Pubblicato il 09/05/2024

N. 04199/2024REG.PROV.COLL.

N. 00671/2022 REG.RIC.

REPUBBLICA ITALIANA

IN NOME DEL POPOLO ITALIANO

Il Consiglio di Stato

in sede giurisdizionale (Sezione Seconda)

ha pronunciato la presente

SENTENZA

sul ricorso numero di registro generale 671 del 2022, proposto dalla signora M I, rappresentata e difesa dall’avvocato M B, con domicilio digitale come da PEC da Registri di Giustizia,

contro

il Comune di Pozzuoli, in persona del Sindaco pro tempore , rappresentato e difeso dall’avvocato E F, con domicilio digitale come da PEC da Registri di Giustizia,

per la riforma

della sentenza del Tribunale Amministrativo Regionale per la Campania, Napoli, Sezione Sesta, 19 luglio 2021, n. 4999, resa tra le parti, avente ad oggetto ingiunzione a demolire.


Visti il ricorso in appello e i relativi allegati;

Visto l’atto di costituzione in giudizio del Comune di Pozzuoli;

Visti tutti gli atti della causa;

Viste le istanze di passaggio in decisione senza previa discussione orale presentate da entrambe le parti;

Relatore, nell’udienza pubblica del giorno 23 aprile 2024, alla quale nessuno è comparso per le parti, il Cons. Antonella Manzione;

Ritenuto e considerato in fatto e diritto quanto segue.


FATTO

1. Con ricorso in appello n.r.g. 671 /2022 la signora M I ha chiesto a questo Consiglio la riforma della sentenza del Tribunale amministrativo regionale per la Campania, sede di Napoli, Sez. VI, 19 luglio 2021, n. 4999, con la quale è stato respinto il ricorso (n.r.g. 4211/2016) da lei proposto ai fini dell’annullamento dell’ordinanza prot. n. 35798 del 26 maggio 2016 del Comune di Pozzuoli di ingiunzione a demolire un abuso edilizio. In maggior dettaglio, l’illecito è descritto in atti come « trasformazione del piano seminterrato della palazzina in civile abitazione », occupata dal figlio, cui si accede tramite scala esterna scoperta, di superficie pari a circa mq. 85 e altezza variabile da m. 2,20 a m. 2,70, essendo i piani di calpestio sfalsati tra di loro. L’intero immobile è stato oggetto di manutenzione straordinaria nell’anno 1996 e ricade in zona soggetta a vincolo ex d.m. 12 settembre 1957.

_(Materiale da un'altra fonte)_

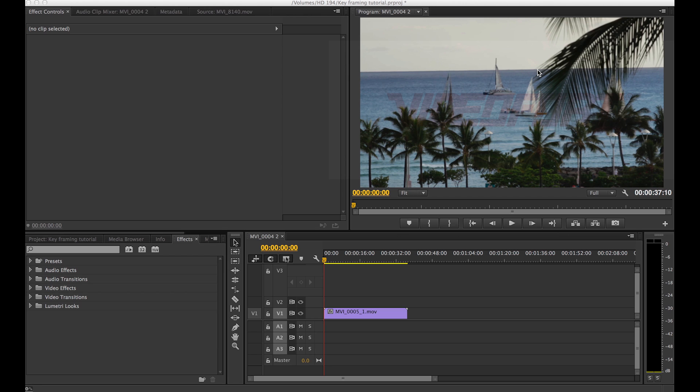So today we are going over how to change a clip's properties but keyframing can also be applied to any audio or video effect.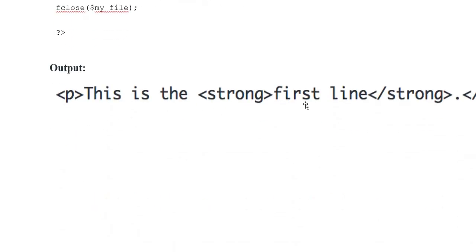Output: <p>This is the <strong>first line</strong>.</p> Thank you so much.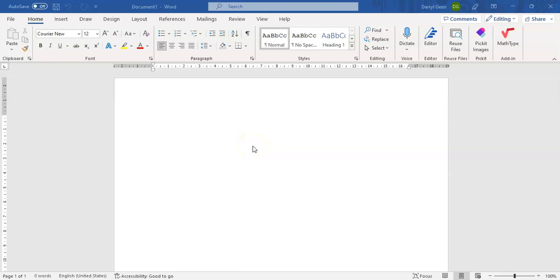Good day students. Today we are going to cover inserting organograms into Microsoft Word.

2. Il Tribunale adito ha respinto tutti i motivi di censura dedotti con il ricorso proposto, affermando la legittimità del provvedimento impugnato in quanto:

- non è stata fornita dalla parte la prova dell’avvenuta realizzazione dell’abuso prima del 1967;

- il cambio di destinazione d’uso da garage ad abitazione comporta, per giurisprudenza consolidata, la necessità di permesso di costruire;

- quand’anche l’intervento fosse assentibile con d.i.a., la sua mancanza ne implica comunque la demolizione sulla base del potere di vigilanza di cui all’art. 27 del d.P.R. n. 380 del 2001 (Cons. Stato, sez. VI, 9 gennaio 2013, n. 62);

- non vi sarebbe alcuna lacuna motivazionale, giusta la mancanza di discrezionalità nell’esercizio del potere sanzionatorio;

- la descrizione dell’abuso, ancorché non identificando l’area di sedime, sarebbe di per sé sufficiente stante che la individuazione di quest’ultima può sopravvenire all’atto dell’acquisizione al patrimonio che consegue alla inottemperanza all’intimazione demolitoria.

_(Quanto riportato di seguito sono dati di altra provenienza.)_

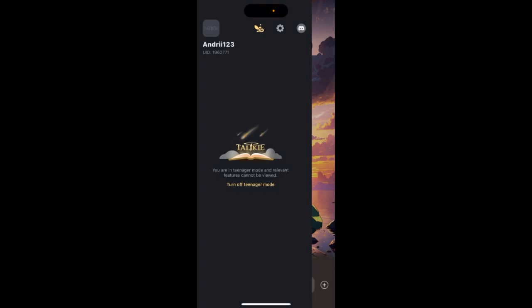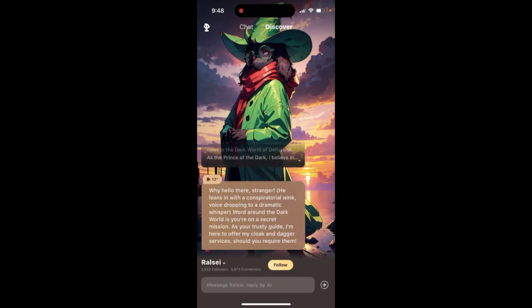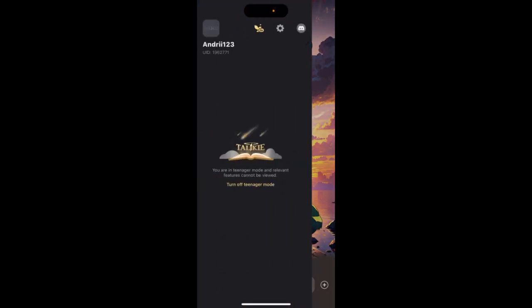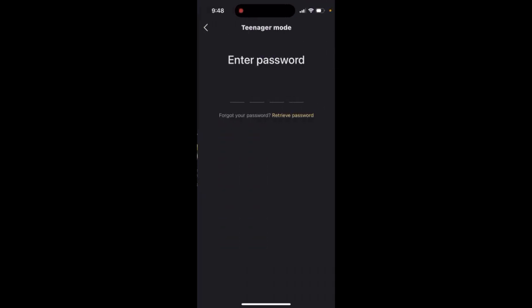To turn off teenager mode in Toki app, you just need to go to your sidebar. In the top left of the sidebar there is an icon, a bird icon, and then you need to enter the password which you used to create teenager mode.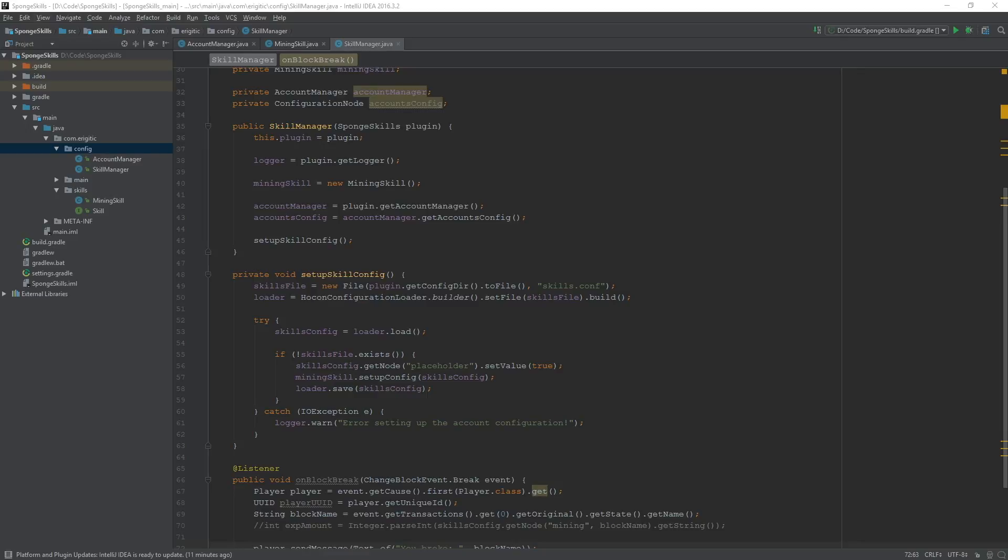What is going on everyone and welcome back to some more Sponge plugin programming. Today we are going to move away from the event listener that we were working on last time in order to make the way that we handle accounts a lot better.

3. La signora M I ha avanzato cinque motivi di censura, così rubricati:

«error in iudicando, violazione e falsa applicazione dell’art. 31d.P.R. 6 giugno 2001, n.380 e omessa pronuncia »;

- «error in iudicando, violazione e falsa applicazione dell’art. 31 del d.P.R. n. 380/2001, violazione della l.r. 28 novembre 2001, n. 19, difetto di istruttoria e contraddittorietà dell’azione amministrativa »;

- «error in iudicando, violazione e falsa applicazione dell’art. 3 della l. 7 agosto 1990, n. 241, difetto assoluto di istruttoria, motivazione insufficiente, carenza di interesse concreto e attuale »;

«error in iudicando, violazione e omessa applicazione dell’art. 7 della l. 7 agosto 1990, n. 241, difetto di istruttoria e violazione del giusto procedimento di legge »;

«error in iudicando, ulteriore violazione dell’art. 31 del d.P.R. n. 380/2001, difetto di istruttoria, violazione del giusto procedimento».

4. Si è costituito il Comune di Pozzuoli che ha analiticamente contestato le avverse prospettazioni chiedendo la reiezione del mezzo di gravame proposto, stante l’infondatezza dei motivi con esso dedotti.

5. All’udienza pubblica del 23 aprile 2024, in vista della quale entrambe le parti hanno avanzato istanza di pretermettere la discussione orale, la causa è stata trattenuta in decisione.

DIRITTO

6. L’appello non può trovare accoglimento.

7. Con un primo motivo di appello l’interessata lamenta vizio di istruttoria e di motivazione, non essendo stati a suo dire presi in considerazioni i principi di prova forniti in ordine alla preesistenza del cambio di destinazione d’uso al 1985, data in cui è stata introdotta la necessità del titolo per lo stesso.

7.1. La doglianza, oltre che inammissibile in quanto introdotta in violazione del divieto dei nova – nel ricorso di primo grado il riferimento è esclusivamente all’avvenuta edificazione del fabbricato ante 1967 - è infondata.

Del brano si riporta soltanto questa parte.